+++ AVAILABLE RECORDS +++

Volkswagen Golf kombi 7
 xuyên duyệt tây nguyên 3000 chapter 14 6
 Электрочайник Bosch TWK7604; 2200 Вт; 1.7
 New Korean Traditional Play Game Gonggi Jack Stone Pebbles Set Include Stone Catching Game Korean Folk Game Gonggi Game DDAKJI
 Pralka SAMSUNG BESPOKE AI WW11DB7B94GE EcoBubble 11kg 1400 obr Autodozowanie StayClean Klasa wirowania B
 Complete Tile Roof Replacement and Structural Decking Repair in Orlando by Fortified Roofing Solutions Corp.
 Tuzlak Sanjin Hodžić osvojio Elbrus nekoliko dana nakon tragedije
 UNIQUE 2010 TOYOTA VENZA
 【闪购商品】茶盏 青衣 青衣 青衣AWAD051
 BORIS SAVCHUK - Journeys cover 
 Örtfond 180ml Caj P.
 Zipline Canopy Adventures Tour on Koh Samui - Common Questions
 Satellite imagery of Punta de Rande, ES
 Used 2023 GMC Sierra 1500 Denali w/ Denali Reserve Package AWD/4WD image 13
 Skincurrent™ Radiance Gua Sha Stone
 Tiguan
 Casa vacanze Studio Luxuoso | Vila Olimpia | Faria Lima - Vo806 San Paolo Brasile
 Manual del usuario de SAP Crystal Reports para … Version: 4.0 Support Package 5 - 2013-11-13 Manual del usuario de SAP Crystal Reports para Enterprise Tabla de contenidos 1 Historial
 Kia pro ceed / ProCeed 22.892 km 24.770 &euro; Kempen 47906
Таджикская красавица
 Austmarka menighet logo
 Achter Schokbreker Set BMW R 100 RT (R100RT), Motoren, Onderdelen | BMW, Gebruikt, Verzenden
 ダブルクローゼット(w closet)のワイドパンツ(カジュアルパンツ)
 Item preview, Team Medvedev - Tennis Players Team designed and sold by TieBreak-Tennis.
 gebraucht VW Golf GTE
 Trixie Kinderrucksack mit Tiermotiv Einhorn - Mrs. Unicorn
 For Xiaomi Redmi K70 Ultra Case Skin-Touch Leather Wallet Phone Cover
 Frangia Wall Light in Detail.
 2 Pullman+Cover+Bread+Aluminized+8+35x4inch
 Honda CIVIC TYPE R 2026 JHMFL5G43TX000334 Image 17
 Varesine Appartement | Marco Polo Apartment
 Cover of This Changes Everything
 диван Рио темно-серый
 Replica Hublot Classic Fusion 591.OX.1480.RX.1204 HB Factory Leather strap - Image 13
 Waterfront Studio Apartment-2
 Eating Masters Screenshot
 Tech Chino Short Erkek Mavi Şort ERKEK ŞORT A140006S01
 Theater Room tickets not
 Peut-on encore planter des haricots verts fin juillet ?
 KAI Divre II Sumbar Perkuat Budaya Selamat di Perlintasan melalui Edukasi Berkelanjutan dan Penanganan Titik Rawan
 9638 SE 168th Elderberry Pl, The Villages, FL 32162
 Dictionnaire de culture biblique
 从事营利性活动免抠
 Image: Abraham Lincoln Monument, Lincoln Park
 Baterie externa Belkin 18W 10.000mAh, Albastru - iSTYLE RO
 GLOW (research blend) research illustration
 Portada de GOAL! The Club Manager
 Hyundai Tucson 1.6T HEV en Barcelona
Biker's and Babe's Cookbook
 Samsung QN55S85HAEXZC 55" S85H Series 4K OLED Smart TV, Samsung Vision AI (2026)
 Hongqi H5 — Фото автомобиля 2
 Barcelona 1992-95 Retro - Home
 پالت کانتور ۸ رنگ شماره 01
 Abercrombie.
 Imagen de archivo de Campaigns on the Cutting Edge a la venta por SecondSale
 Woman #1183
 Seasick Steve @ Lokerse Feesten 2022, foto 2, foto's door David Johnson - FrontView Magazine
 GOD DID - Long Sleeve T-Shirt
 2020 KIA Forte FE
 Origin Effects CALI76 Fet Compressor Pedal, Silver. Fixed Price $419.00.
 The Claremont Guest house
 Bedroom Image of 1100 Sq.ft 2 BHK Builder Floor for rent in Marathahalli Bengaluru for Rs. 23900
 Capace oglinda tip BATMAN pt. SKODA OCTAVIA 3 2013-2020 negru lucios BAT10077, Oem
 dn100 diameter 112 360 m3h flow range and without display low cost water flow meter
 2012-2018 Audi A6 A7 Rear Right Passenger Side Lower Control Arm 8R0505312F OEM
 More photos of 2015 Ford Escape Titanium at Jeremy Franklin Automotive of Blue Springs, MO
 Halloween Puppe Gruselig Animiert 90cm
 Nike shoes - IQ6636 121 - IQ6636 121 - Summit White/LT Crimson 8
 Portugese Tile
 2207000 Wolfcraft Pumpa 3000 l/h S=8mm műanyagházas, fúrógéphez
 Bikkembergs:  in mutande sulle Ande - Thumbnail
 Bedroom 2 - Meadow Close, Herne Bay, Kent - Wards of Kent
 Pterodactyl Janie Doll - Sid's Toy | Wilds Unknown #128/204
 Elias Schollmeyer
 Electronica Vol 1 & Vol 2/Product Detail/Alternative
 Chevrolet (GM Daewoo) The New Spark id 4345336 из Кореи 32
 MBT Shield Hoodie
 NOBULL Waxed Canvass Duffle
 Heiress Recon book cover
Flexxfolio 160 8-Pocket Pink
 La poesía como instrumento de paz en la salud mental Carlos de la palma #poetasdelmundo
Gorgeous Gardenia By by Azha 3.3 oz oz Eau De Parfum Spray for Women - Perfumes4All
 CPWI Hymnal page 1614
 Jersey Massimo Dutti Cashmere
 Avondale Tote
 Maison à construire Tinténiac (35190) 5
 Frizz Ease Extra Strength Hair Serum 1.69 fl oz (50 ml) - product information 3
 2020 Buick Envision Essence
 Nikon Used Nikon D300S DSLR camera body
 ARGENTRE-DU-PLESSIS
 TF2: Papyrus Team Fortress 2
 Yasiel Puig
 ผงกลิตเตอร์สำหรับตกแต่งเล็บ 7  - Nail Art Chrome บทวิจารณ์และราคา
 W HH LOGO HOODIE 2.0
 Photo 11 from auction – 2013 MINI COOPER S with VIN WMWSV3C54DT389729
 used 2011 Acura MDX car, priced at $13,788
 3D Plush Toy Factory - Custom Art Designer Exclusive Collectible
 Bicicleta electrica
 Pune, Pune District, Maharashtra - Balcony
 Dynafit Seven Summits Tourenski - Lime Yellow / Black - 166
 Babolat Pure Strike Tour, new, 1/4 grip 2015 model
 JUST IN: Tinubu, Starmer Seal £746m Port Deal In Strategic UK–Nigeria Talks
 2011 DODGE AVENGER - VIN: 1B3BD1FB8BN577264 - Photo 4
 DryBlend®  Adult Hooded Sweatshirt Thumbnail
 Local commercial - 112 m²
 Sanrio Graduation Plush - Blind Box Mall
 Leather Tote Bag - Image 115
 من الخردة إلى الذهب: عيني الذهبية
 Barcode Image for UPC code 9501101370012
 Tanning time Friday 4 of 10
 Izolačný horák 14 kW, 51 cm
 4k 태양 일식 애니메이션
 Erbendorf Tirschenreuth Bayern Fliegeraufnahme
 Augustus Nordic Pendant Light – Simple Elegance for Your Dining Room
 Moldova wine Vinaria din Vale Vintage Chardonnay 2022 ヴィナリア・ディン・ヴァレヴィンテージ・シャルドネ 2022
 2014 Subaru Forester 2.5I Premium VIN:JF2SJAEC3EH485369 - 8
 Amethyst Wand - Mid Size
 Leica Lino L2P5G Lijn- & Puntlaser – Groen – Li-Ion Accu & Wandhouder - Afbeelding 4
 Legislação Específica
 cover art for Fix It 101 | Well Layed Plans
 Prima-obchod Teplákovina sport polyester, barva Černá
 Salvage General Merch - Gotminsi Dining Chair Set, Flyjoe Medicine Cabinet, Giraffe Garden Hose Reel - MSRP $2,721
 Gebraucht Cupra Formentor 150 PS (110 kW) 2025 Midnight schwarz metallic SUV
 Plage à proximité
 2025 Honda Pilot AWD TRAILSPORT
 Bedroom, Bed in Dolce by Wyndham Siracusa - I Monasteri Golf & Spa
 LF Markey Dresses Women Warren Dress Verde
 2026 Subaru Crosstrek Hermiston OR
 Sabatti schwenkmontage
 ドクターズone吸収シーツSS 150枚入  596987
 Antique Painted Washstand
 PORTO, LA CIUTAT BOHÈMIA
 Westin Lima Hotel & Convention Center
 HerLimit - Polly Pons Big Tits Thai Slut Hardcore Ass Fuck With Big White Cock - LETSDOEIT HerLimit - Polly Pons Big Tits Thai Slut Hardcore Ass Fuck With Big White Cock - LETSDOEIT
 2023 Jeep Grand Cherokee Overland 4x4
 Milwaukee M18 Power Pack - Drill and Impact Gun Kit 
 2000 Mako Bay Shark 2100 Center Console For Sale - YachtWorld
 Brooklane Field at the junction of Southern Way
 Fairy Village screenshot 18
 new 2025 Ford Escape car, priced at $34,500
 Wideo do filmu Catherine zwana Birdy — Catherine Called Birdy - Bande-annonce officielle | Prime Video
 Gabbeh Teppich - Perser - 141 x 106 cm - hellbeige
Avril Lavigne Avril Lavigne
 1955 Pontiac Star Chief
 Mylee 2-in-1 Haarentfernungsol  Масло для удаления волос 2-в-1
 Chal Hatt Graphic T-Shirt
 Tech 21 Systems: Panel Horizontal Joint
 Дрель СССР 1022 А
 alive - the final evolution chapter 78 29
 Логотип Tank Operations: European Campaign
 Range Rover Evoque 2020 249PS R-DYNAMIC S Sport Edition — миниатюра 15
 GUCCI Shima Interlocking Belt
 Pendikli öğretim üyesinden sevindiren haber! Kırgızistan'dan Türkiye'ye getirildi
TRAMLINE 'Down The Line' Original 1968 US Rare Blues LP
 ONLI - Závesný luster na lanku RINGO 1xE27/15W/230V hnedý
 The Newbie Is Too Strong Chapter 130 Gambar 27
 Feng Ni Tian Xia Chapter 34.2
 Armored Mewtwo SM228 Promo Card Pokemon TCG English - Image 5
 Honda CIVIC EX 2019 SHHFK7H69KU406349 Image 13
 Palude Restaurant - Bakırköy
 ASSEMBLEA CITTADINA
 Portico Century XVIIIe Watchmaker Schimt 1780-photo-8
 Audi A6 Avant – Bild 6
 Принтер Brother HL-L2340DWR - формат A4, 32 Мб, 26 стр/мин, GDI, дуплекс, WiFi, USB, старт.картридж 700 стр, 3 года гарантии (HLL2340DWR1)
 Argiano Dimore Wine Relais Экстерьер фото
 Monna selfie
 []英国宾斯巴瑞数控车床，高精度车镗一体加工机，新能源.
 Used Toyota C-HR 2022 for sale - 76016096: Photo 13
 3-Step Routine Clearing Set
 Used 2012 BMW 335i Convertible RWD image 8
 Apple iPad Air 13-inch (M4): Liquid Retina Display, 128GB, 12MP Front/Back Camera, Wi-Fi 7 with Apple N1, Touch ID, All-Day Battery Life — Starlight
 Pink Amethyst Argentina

+++

BRIEF: Filter the entries above and return only the lines holding "Plush".

EXERCISE RESULT:
 3D Plush Toy Factory - Custom Art Designer Exclusive Collectible
 Sanrio Graduation Plush - Blind Box Mall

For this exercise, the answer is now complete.